Maria
está caminho da casa, que ficava a algumas quadras do cineteatro Arthur
Azevedo. Ela acabara de assistir o filme Tempos Modernos de Charlie Chaplin, e
ia pensando na crítica do cineasta às máquinas, fomentada pelo medo, no início
do século XX, época em que foi rodada a película, medo que se neneralizou, tudo no futuro ia dar medo. Passa a jovem por sobrados e casas
antigas, ainda habitadas, sem poder imaginar que logo seriam abandonadas, e virariam
ruínas. Já estava com uma ponta de saudade,
ia ausentar-se de S. Luís por algum tempo, e nem imaginava o quanto
estaria distante desse caminho, tantas vezes percorrido, que parecia lhe ser traçado
para todo e sempre. Tarde chuvosa, em que fora desanuviar os pensamentos no
cinema, sentindo na pele os recentes acontecimentos, que iam mudar sua vida.

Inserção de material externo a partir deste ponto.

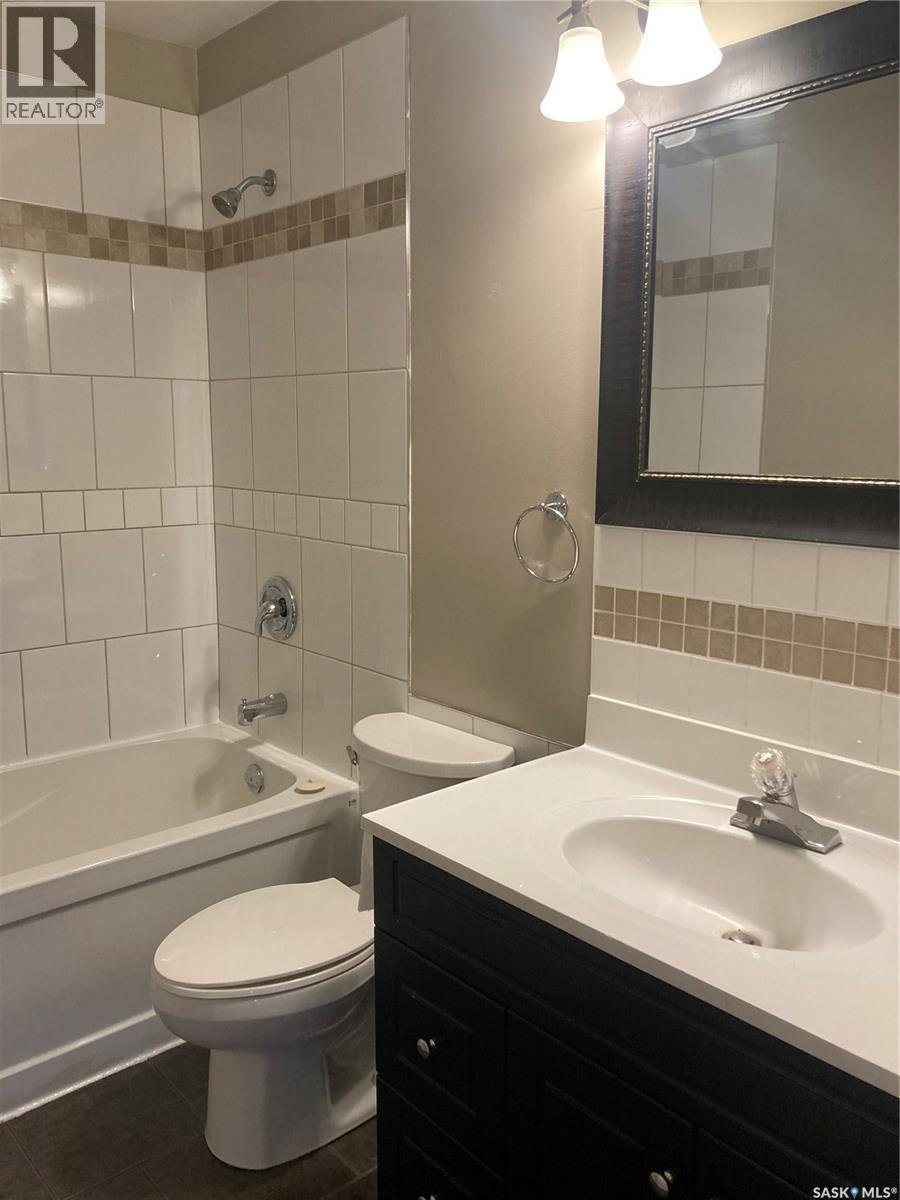 325 W Avenue N, Saskatoon, Saskatchewan  S7K 1N3 - Photo 8 - SK017526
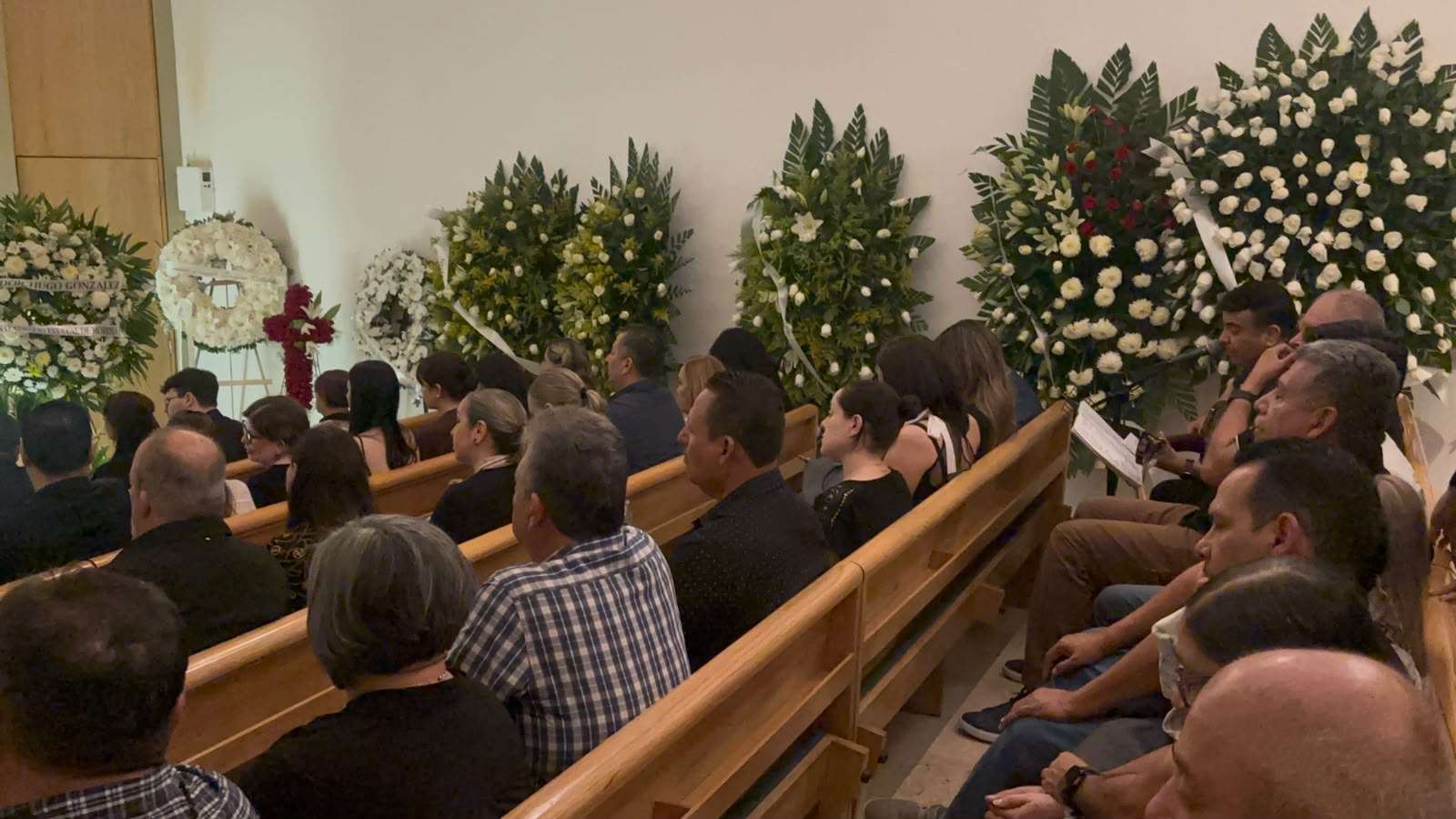 Dan último adiós a Jaime Enríquez Ordóñez en Mausoleos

Nada parecia mudar, mas tudo mudaria, e nada
seria como fora até ali.
Os
pais de Maria e seus três irmãos mais novos moravam na Rua da Inveja. Arranjo comum à época, e ela foi residir na casa da avó, na Rua das Hortas, que
naquele momento estava vazia, só restava ela. De repente tudo muda. O gato
morre de velhice, o tio casa e vai morar no Rio, o irmão assume o BB no
interior da Paraíba, e por fim a avó parte para o Rio afim de receber o apartamento
que desalugara para atualização do aluguel, seu rendimento de viúva. Era a última a partir, depois de um convite
inusitado para concluir o segundo grau na Bahia e logo cursar
medicina na capital baiana. A oferta veio de uma tia-avó com a ideia formada de
fazer sua sobrinha médica, na então considerada a mais importante Faculdade de medicina do país. Médica, vocação que Maria desconhecia, mas
certamente valeria a pena tentar, além de obter o ganho da convivência com
aqueles parentes.
Mas
naquela tarde a caminho de casa pensou ainda na surpresa que teria o rapaz
vizinho e colega do irmão, que costumava
espreita-la à distância, em especial nas tardes quando Maria ia pedalar na
praça com sua amiga, a dona da bicicleta. O outro, colega do seu irmão do Liceu
Maranhense, já estivera em sua casa, mas logo depois partira com a família para Recife, e de lá já
mandara uma carta onde escreveu em Francês: “Nos somos feitos um para o outro.”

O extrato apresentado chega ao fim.